Publications of Nagy, Peter

Who is portrayed in Second Life: Dr. Jekyll or Mr. Hyde? The extent of congruence between real life and virtual identity

Virtual social environments opened the door to individual experiences that may not be feasible or possible in real physical settings; in turn bringing to question the applicability of certain more traditional theories to digital environments. Addressing some of this gap in the available literature, in the current study, we compare virtual and real life identities simultaneously, as well as explore the impact of selfconsciousness on virtual identity. Our results indicate that while some of the overall trends are similar between identities constructed in the physical world and those constructed in virtual settings, different identity elements and dimensions tend to be emphasized to different degrees. Furthermore, we find evidence for the role of private in addition to public self-consciousness as influencing virtual existence. In other words, in addition to the general emphasis concerning the role of socially influenced external elements in the formulation of virtual identities, the current study highlights the importance of more internalized and individual level attitudes and perceptions, including one’s inner thoughts, emotions, and perspectives. Implications and future directions are discussed.

Facebook usage patterns and school attitudes

Purpose – The purpose of this paper is to explore teenagers' and young adults' use of social networking sites (SNS), in light of certain personal, social and educational outcomes and attitudes. Design/methodology/approach – Data were gathered on the basis of surveys, and were analyzed through a series of multivariate models. Findings – It was found that participants' reasons and motivations for online presence varied as a function of gender and age. Different degrees of Facebook usage were linked with different school-related attitudes. More specifically, more extensive usage was associated with more negative school and peer attitudes; more so for females and for college students. Furthermore, greater reliance on online interactions for social and emotional support was found disadvantageous for college students, while neutral or in some cases beneficial for high school students. Research limitations/implications – Gender and educational level appear to be important factors explaining some of the variation in school-related attitudes, and thus should be explored separately. Practical implications – The differential impact of online presence on school attitudes for college and high school students highlights the need for teachers and student advisors to be sensitive to such transitional groups. Social implications – The authors found that more popular students, those often viewed as “opinion leaders”, tended to show more negative school outcomes than less popular students in general; a relevant point for organizations. Originality/value – Facebook usage and school-related attitudes were observed simultaneously in high school and college populations studying in Budapest, Hungary.

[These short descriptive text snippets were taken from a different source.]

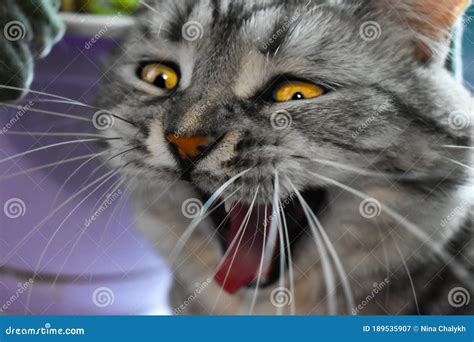 Funny Cat. The Head Of A Yawning Cat. Stock Image - Image of cute, open ...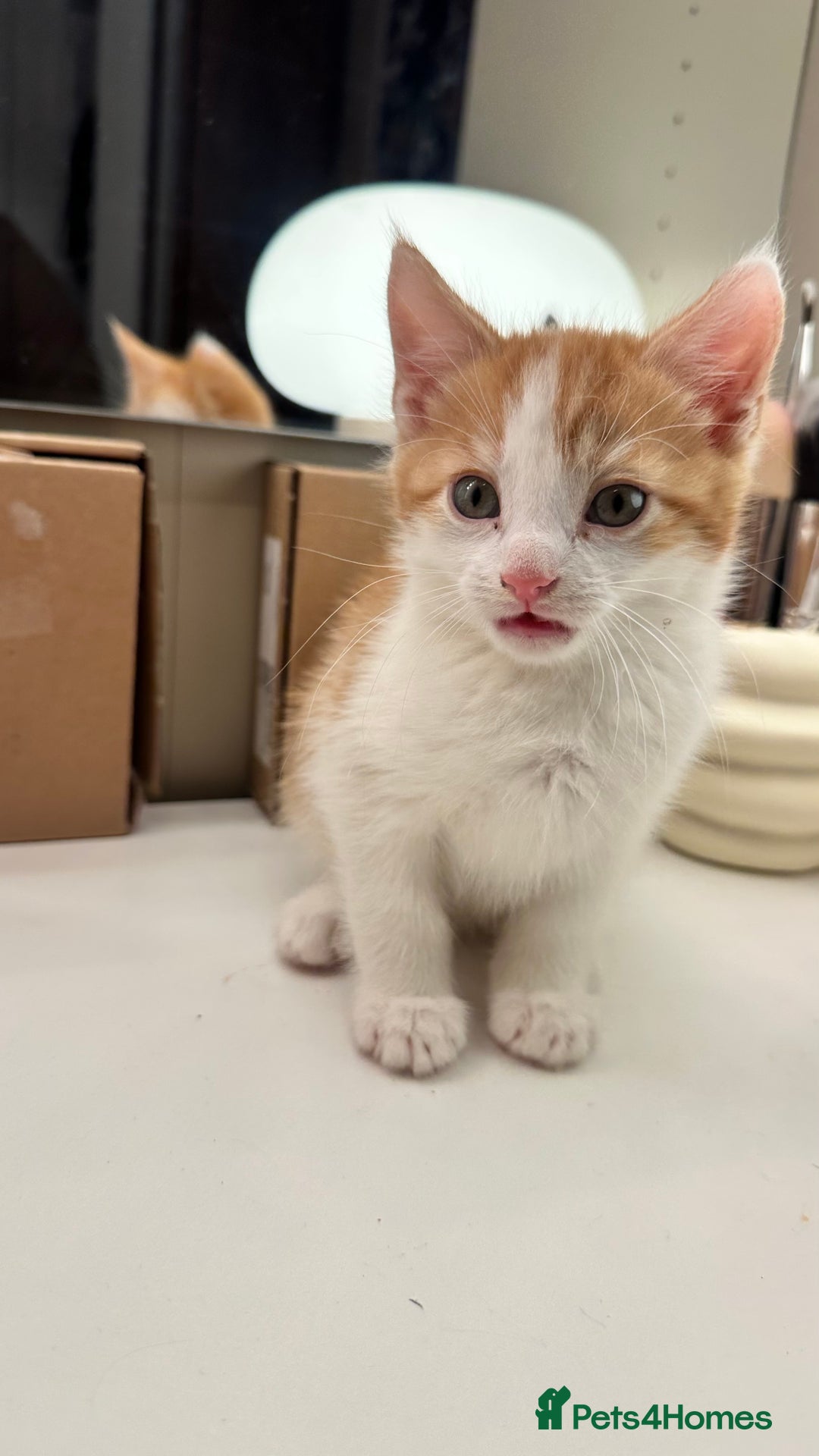 Mixed Breed cats for sale: 6 mixed breed ( shorthair and longhair) kittens - Advert 12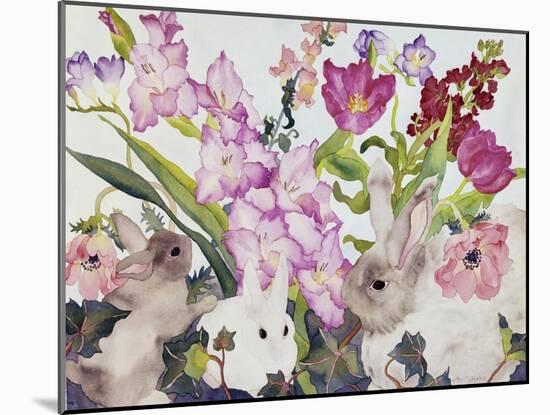 Three Bunnies-Carissa Luminess-Mounted Giclee Print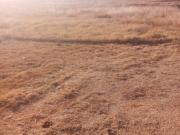Vacant Land / Plot in Sundra AH For Sale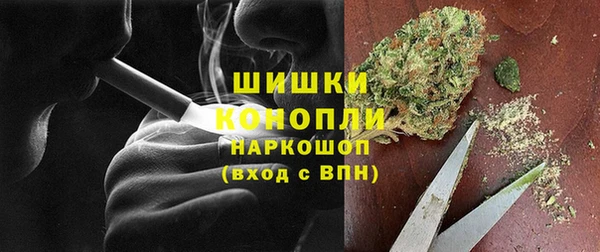 ГАЛЛЮЦИНОГЕННЫЕ ГРИБЫ Богданович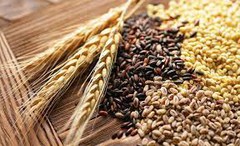 Україна експортувала майже 10,5 тис. тонн зерна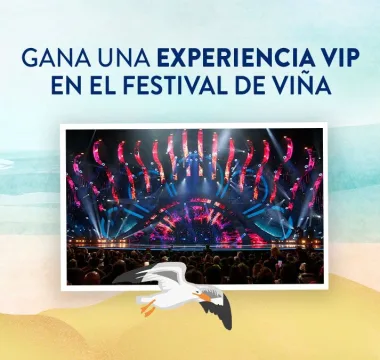 Ensure Festival De Viña
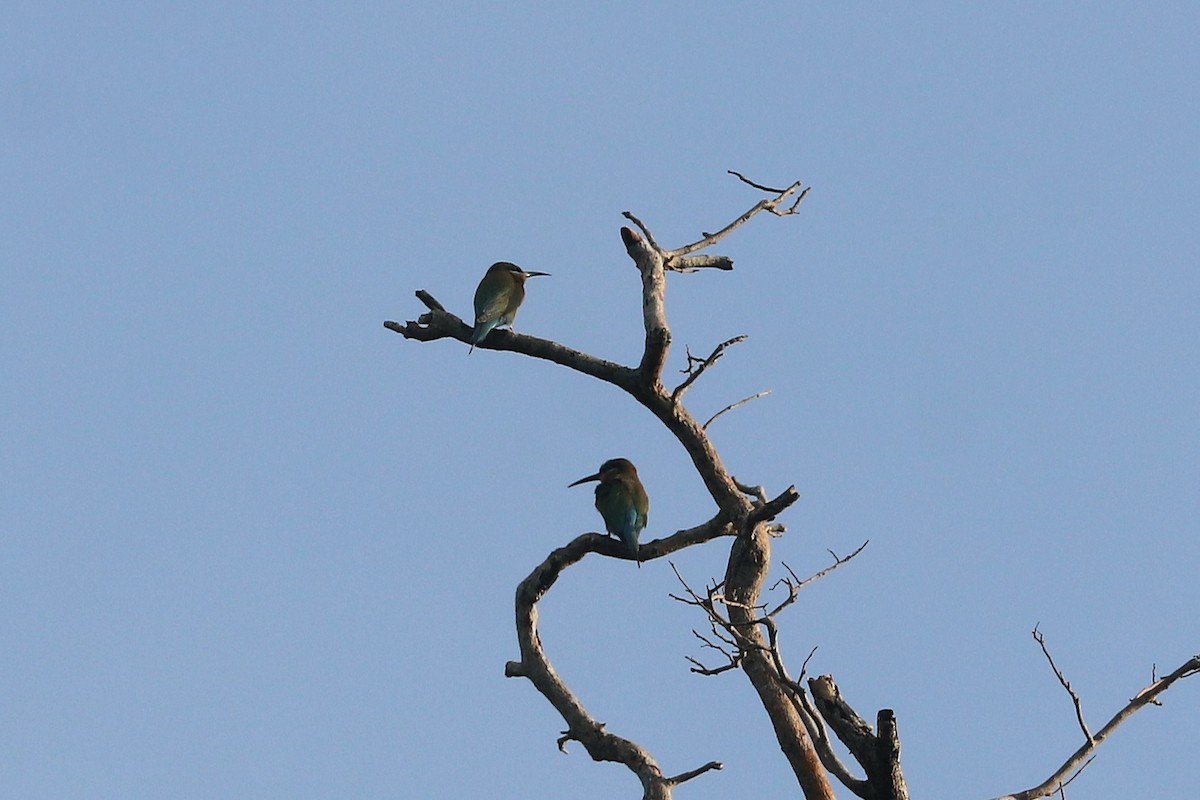 Бджолоїдка синьохвоста - ML646885597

Virtual Customers behind Avatars: The Relationship between Virtual Identity and Virtual Consumption in Second Life

This paper examines the relationship between virtual identity and virtual consumption in Second Life. More specifically, we investigate the tendency to link the virtual world to reality through the concept of identity, and explore the role consumption and business endeavors play in this process. Information was obtained from comments posted on four Second Life forums, focusing on the general themes of virtual avatars, aspects of business activities, and their mutual impact on each other. Qualitative narrative research analysis was employed. From our results, three distinct categories emerged on the basis of residents’ immersion to Second Life; 1) purely virtual, 2) mixed, and 3) realist. We highlight particular characteristics associated with each of these clusters, with suggestions aiming to capture the various demands and preferences of each corresponding group. In terms of business activities, residents appeared quite demanding, identifying high quality products and professional services as the basis for business success in virtual settings. The business approaches most likely identified to lead to success or failure associated with certain businesses confirm that online environments differ substantially from physical and real world markets, with trust being a particularly sensitive issue in these anonym and fully disembodied contexts. Further implications for organizations and scholars are discussed.